Temuan itu memberi pandangan yang mendalam mengenai bagaimana magma terbentuk dan akan menghasilkan contoh yang lebih baik mengenai benturan benua dan pembentukan sabuk gunung.

"Dengan keberadaan sumber panas luar, batu akan menjadi panas lebih efektif dibandingkan dengan perkiraan sebelumnya," kata profesor ilmu geologi di MU College of Arts and Science, Allan Whittington .

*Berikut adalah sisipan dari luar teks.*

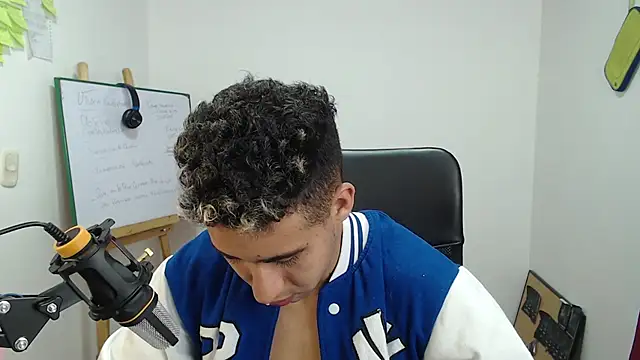 Daiki Jack online show from 18, 1, 2025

"Kami menerapkan temuan kami pada model komputer yang meramalkan apa yang terjadi pada bebatuan ketika terkubur dan menjadi panas di sabuk gunung, seperti Himalaya hari ini atau Black Hills di South Dakota dalam geologi masa lalu. Kami mendapati bahwa rangkaian panas, yang disebabkan oleh gerakan tektonik selama pembentukan sabuk gunung, dengan sangat mudah menyulut pencairan kerak bumi," kata Allan Whittington .

Dalam studi tersebut, para peneliti menggunakan teknik yang berlandaskan laser guna menentukan berapa lama panas tersalur melalui sampel batu yang berbeda. Dalam semua sampel, penyebaran panas, atau seberapa baik satu materi mengirim panas, turun dengan cepat dengan peningkatan temperatur. Para peneliti mendapati bahwa penyebaran panas batu panas dan magma menjadi separuh apa yang sebelumnya diperkirakan.

"Kebanyakan pencairan kerak bumi terjadi akibat intrusi magma panas dasar dari lapisan Bumi," kata profesor ilmu geologi di MU College of Arts and Science,Peter Nabelek seperti dikutip dari Xinhua-OANA.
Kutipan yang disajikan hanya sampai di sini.